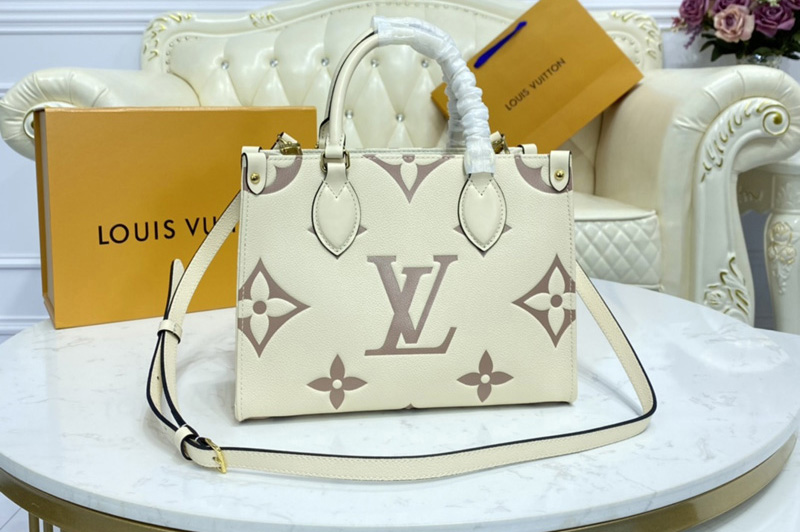 Louis Vuitton Onthego PM Bag M45654 Crossbody Hand Shoulder Purse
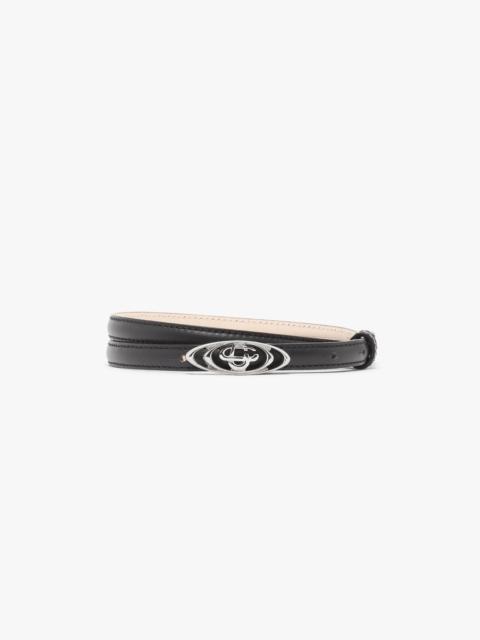 CASABLANCA Black Mini Warped Logo Belt | Casablanca Paris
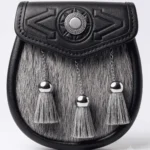 Targe Embossed Bovine Fur Sporran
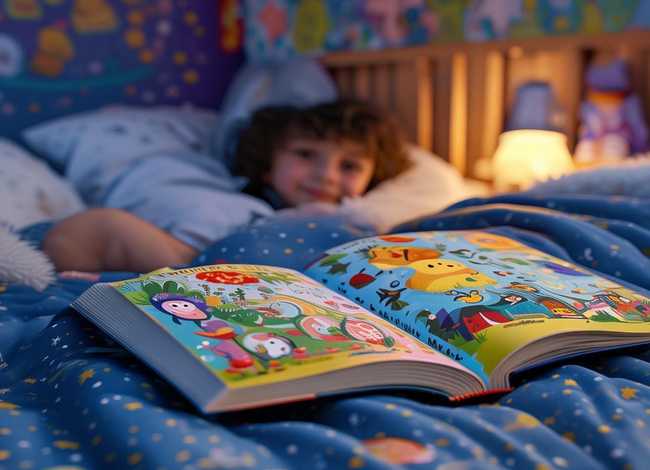 睡前小故事儿童图文 - 睡前小故事带图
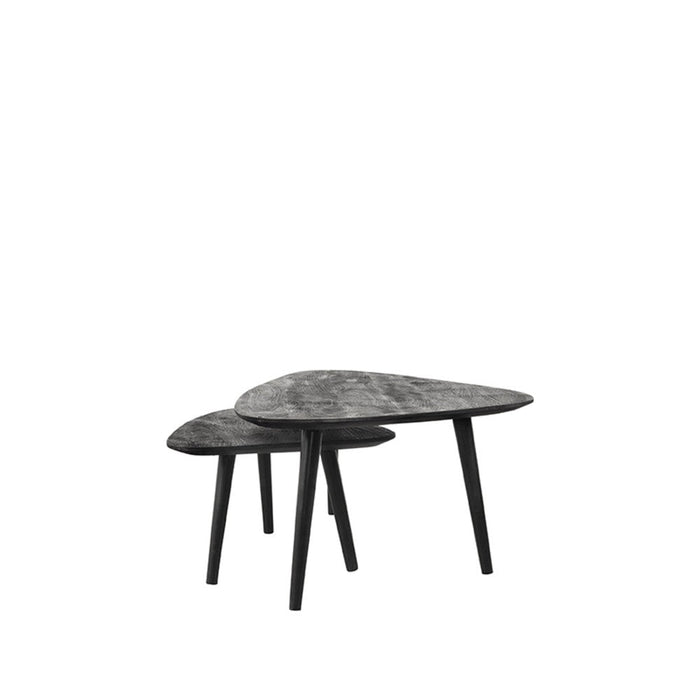 Label51 Salontafel Set Rock - Zwart - Mangohout-Salontafels-LABEL51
──────
Reproduce verbatim, and only, the lines starting at the one that contains "Targe Embossed Bovine Fur Sporran" and ending with the final line of the records; leave out the pictures.

__Output for this task__.
 Targe Embossed Bovine Fur Sporran
 睡前小故事儿童图文 - 睡前小故事带图
 Label51 Salontafel Set Rock - Zwart - Mangohout-Salontafels-LABEL51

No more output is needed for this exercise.